Saved data entries →
*** Block opens ***

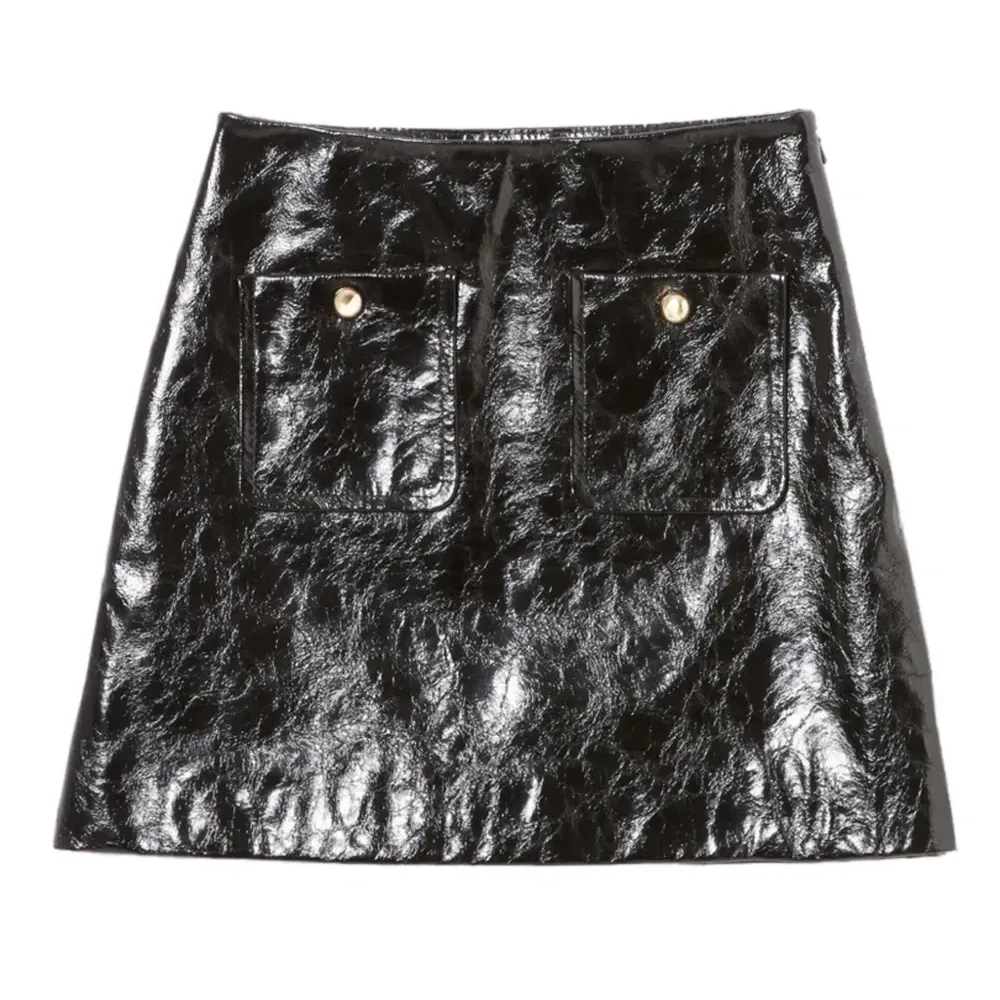 Кожаная юбка с карманом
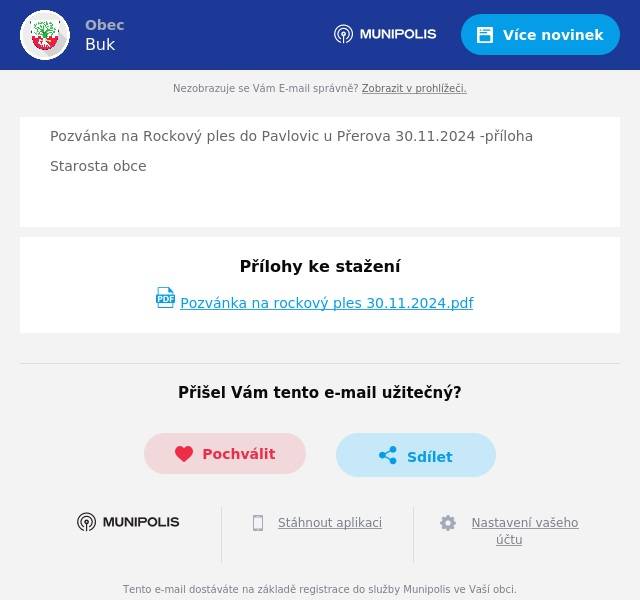 Pozvánka na Rockový ples do Pavlovic u Přerova 30.11.2024 -příloha Starosta obce 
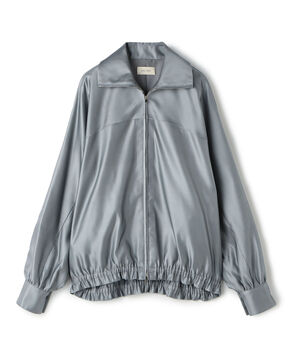トリアセテートシルクサテン ジップアップブルゾン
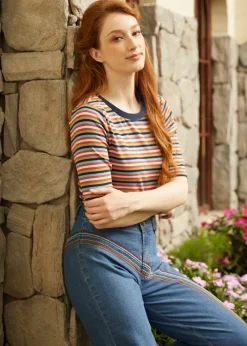 Doo-Wop Dazzler Scoopneck Tee Shagadelic Stripe Clearance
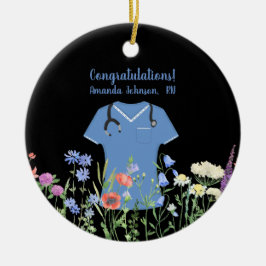 Personalisiert Nurse RN LPN NP Blue Scrubs Keramik Ornament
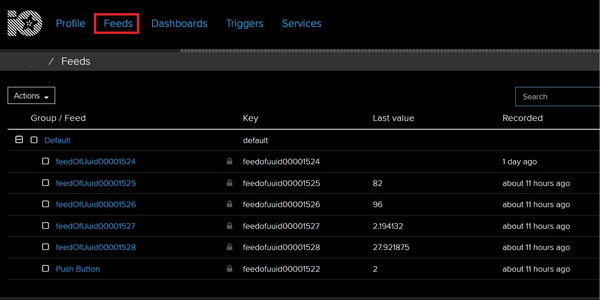 Figure 17. Adafruit IO Feeds page.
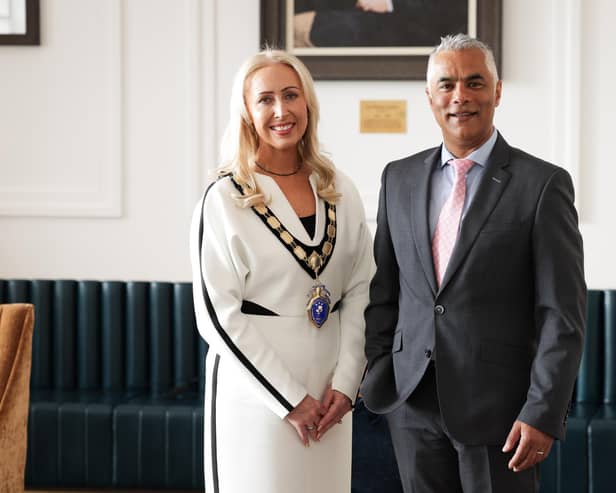 Cat McCusker, new president of the NI Chamber) and with Kailash Chada, the new vice president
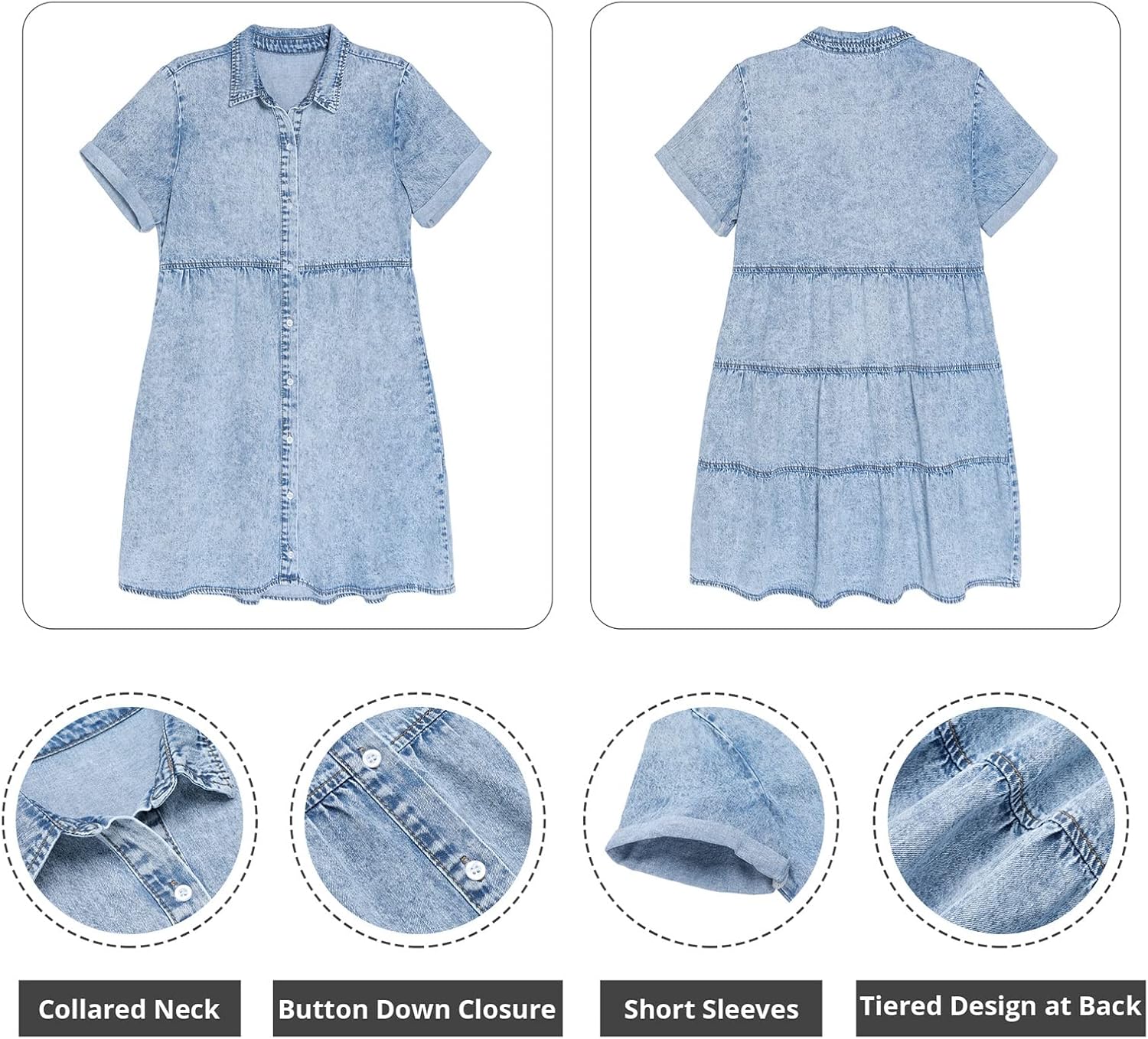 GRAPENT Denim Dress for Women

*** Block closes ***

PROBLEM DETAILS → Your copy should hold exactly the lines from the line bearing "Personalisiert Nurse RN" through the end of the data, both included, and no pictures or anything further.

WRITTEN RESPONSE →
 Personalisiert Nurse RN LPN NP Blue Scrubs Keramik Ornament
 Figure 17. Adafruit IO Feeds page.
 Cat McCusker, new president of the NI Chamber) and with Kailash Chada, the new vice president
 GRAPENT Denim Dress for Women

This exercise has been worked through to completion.